Der Großen Koalition scheint die Quadratur des Kreises gelungen zu sein. Mit ihrer Einigung auf eine Reform der Grundsteuer hat sie sich jedenfalls in vielen kleinen Schritten auf eine Lösung zubewegt, die in den letzten Wochen, wenn auch nicht undenkbar, so doch in ganz weite Ferne gerückt schien. In einer Marathonsitzung bis in den frühen Montagmorgen hinein einigten sich die Parteien auf eine Kernforderung der Union: Die Ländern sollen über sogenannte Öffnungsklauseln mehr Spielraum bei der Erhebung der Grundsteuer bekommen.
Damit kann die Reform bereits kommende Woche im Bundestag in erster Lesung beraten werden und die Chancen stehen gut, dass die neue Grundsteuer zum Ende des Jahres fertig ist. Das drohende Szenario einer Bundesrepublik ohne Steuern auf Grundstücke, inklusive Mindereinnahmen in Milliardenhöhe, dürfte damit abgewendet sein. Diese Situation hätte ohne Einigung gedroht, denn nach einer Entscheidung des Bundesverfassungsgerichts muss die Grundsteuer bis Jahresende reformiert werden, weil sie derzeit auf jahrzehntealten Berechnungsgrundlagen beruht. So wird im Westen auf Werte aus 1964, im Osten gar auf Werte aus 1935 abgestellt.
Grundsteuer: Eine Niederlage für Olaf Scholz?
Die Öffnungsklausel im neuen Gesetz wird auf Drängen von CDU und CSU eingeführt. Ein erster Denkimpuls wäre jetzt, daraus eine Niederlage für Finanzminister Olaf Scholz und seine SPD zu machen. Denn Scholz hatte Öffnungsklauseln zunächst abgelehnt.
Doch zur Wahrheit gehört, dass die Öffnungsklausel auch in der CDU Gegner hatte. Der jetzt vorliegenden Einigung ging also auch eine Verständigung in den eigenen Reihen voraus, und man sollte sie deshalb nicht als Niederlage von irgendwem, sondern als Ergebnis eines demokratischen Diskussionsprozesses innerhalb der Regierungsparteien sehen. Dass Scholz nachgegeben hat, macht ihn eher zum Gewinner. Zumal CDU und CSU der SPD offenbar beim Solidaritätszuschlag entgegenkamen, um diesen Kompromiss möglich zu machen. Der Soli soll nun doch nur für 90 Prozent der Zahler abgeschafft werden.
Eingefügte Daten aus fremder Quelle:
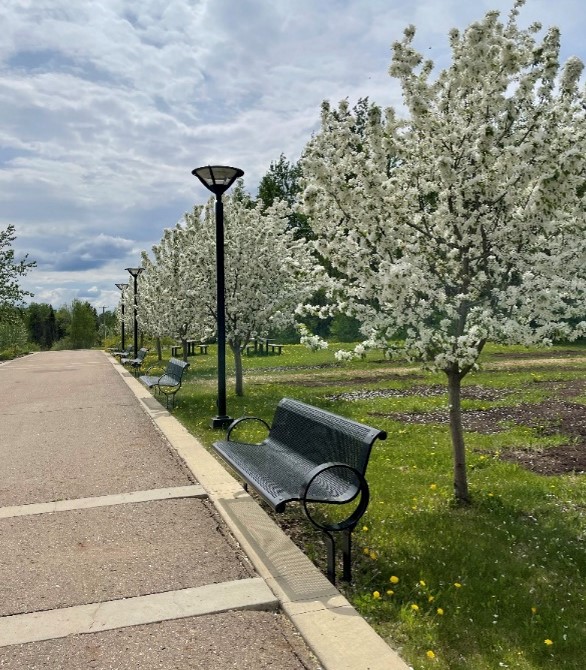 Photo of bench along a park path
Die Union wollte ihn eigentlich komplett streichen.
Die drei Regierungsparteien werten die Einigung als Beleg für die Arbeitsfähigkeit der Großen Koalition. Das ist nachvollziehbar, auch wenn beispielsweise beim wichtigen Thema Grundrente eine Einigung noch auf sich warten lässt. Nun müssen allerdings weitere Taten folgen, um aus dem ersten Eindruck eine Gewissheit zu machen. Leicht wird das nicht.
Bloß kein Bürokratiemonster bei der Grundsteuer-Reform!
Denn Union und SPD müssen für die Grundsteuer-Reform noch viele Details regeln. Dazu gehört eine differenzierte Betrachtung von Privat- und Industriegrund–stücken. Für die Novelle braucht es eine Grundgesetzänderung und dafür wiederum sind in Bundestag und Bundesrat Zwei-Drittel-Mehrheiten erforderlich. Und es gilt eine Aufgabe zu stemmen, die wohl noch schwerer zu bewältigen ist: Die neue Grundsteuer darf kein Bürokratiemonster werden, so haben es die Koalitionäre versprochen.
Darüber hinaus hat die Grundsteuer noch eine weitere, von ihrer monetären Funktion völlig losge–löste Bedeutung: Die Reform ist der Gradmesser für die Handlungsfähigkeit der Großen Koalition. Die Abgeordneten müssen die dem Schriftsteller Mark Twain zugesprochene Weisheit widerlegen, dass niemals etwas fertig werden würde, wenn es die letzte Minute nicht gäbe. Die Koalition muss also beweisen, dass sie nicht einfach nur vor dem vom Verfassungsgericht gesetzten Zeitdruck eingeknickt ist. Union und SPD sollten schleunigst Inhalte liefern. Anderenfalls sind sie unglaubwürdig und liefern allen Grund für Neuwahlen.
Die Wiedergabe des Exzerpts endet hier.